No, it has not changed for mainline.

SuSE has patch to allow resume from modular IDE.
Pavel
--
People were complaining that M$ turns users into beta-testers...
...jr ghea gurz vagb qrirybcref, naq gurl frrz gb yvxr vg gung jnl!

2005-03-01 10:30:32

by Pavel Machek

[permalink] [raw]
Subject: Re: swsusp logic error?

Hi!

> > > > Could you, please, verify that you don't need to load any
> > > > modules from initrd for your swap partition to work?

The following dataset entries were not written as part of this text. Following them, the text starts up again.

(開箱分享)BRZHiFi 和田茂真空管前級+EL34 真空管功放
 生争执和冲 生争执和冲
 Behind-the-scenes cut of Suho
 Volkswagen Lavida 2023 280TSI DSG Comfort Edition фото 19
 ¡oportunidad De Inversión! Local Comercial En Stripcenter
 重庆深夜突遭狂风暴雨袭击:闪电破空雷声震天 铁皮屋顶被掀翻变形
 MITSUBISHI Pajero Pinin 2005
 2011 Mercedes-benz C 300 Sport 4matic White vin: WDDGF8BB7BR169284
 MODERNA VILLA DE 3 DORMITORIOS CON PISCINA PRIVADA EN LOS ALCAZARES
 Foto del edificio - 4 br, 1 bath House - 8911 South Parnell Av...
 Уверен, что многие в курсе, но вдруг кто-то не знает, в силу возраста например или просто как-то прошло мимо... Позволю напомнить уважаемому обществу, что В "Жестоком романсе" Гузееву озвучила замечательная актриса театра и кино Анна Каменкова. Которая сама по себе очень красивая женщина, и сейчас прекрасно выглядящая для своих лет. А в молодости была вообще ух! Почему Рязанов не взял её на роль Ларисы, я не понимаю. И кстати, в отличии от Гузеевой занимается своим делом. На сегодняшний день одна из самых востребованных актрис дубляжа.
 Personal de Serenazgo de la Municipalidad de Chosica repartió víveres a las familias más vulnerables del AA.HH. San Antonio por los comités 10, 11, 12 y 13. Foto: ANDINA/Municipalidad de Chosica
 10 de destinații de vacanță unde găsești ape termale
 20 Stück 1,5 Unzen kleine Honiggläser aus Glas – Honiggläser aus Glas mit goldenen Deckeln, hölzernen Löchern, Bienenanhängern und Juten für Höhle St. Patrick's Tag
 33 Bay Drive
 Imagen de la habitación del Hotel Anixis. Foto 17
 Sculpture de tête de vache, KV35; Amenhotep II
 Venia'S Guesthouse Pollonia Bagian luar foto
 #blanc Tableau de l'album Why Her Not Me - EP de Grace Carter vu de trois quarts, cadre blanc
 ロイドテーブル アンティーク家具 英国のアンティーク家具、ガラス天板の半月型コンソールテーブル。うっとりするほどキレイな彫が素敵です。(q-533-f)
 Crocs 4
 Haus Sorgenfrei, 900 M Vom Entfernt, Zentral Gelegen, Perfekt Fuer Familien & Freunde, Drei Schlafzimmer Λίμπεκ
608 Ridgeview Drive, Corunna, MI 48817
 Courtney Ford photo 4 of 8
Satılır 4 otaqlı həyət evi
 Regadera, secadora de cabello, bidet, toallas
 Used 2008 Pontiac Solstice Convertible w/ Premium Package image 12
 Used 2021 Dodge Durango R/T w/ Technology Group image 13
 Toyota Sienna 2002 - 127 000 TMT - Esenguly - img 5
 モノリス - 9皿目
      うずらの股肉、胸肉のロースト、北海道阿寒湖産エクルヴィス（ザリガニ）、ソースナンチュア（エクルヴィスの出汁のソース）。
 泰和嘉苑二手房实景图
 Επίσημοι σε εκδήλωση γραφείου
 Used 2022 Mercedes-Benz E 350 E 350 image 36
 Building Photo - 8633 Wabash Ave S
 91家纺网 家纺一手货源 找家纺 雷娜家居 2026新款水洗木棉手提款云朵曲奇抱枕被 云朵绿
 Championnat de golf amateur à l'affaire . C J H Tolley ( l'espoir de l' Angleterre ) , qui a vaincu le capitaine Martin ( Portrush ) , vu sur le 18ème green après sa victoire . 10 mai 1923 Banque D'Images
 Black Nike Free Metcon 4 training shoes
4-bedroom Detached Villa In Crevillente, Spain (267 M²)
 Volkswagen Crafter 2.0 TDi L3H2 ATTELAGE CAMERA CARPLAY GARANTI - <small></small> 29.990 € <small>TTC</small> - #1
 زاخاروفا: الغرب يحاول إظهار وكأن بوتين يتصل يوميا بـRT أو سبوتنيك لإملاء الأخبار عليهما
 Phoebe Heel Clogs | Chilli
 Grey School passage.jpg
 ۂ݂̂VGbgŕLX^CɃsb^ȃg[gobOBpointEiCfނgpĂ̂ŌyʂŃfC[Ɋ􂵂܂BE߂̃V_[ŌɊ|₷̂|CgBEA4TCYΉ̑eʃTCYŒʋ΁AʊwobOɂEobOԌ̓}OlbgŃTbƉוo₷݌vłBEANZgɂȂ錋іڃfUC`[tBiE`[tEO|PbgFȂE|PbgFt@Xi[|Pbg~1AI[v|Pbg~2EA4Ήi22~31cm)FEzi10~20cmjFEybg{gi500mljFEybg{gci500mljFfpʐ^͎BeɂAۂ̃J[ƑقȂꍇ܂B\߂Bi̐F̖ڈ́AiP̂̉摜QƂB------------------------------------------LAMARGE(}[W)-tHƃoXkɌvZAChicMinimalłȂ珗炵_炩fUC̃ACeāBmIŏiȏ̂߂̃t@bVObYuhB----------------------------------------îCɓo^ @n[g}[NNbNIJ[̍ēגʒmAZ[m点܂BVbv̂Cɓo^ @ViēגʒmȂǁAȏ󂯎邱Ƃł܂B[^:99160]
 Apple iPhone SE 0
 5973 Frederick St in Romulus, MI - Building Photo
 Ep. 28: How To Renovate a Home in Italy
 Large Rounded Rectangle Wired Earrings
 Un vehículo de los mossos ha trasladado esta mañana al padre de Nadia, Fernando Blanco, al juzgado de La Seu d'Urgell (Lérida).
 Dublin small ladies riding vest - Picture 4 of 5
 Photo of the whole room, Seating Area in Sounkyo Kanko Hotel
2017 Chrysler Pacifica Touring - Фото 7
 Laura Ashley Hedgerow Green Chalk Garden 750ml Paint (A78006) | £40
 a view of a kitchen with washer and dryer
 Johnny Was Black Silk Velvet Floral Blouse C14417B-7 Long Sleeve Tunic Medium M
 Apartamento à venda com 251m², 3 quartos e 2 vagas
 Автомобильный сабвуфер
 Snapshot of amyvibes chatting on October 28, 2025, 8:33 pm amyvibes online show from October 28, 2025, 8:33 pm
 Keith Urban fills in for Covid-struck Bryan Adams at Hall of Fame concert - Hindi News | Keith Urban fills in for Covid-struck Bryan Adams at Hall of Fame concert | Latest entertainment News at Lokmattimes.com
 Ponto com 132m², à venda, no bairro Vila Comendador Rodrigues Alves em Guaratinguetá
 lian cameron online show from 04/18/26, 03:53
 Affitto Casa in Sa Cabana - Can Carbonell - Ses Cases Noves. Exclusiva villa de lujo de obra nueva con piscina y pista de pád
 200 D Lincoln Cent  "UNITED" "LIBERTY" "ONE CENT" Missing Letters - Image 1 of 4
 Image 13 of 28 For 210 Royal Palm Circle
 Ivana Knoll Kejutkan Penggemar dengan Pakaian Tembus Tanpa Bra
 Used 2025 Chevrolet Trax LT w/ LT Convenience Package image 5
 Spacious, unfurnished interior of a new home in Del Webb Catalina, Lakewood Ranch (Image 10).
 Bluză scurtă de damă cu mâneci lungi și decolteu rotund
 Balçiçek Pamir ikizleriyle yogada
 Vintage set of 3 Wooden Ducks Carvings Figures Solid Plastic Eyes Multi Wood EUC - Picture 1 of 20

It won't
> > > > work if you do.
> > >
> > > this makes perfect sense to me when you talk about resuming.
> > > does it also apply to suspending?
> >
> > As kernel is the same for suspend and resume... Yes, it seems it
> > makes sense.
>
> But before the suspend, the IDE modules are loaded, so the swap
> drive is accessible, no? Or are IDE modules (yes, they are modules
> here) unloaded just before writing to swap?

Yes, IDE modules are loaded and swap drive is accessible during
suspend. But you want to resume some time later, and you want to
resume with same kernel, right?
Pavel
--
People were complaining that M$ turns users into beta-testers...
...jr ghea gurz vagb qrirybcref, naq gurl frrz gb yvxr vg gung jnl!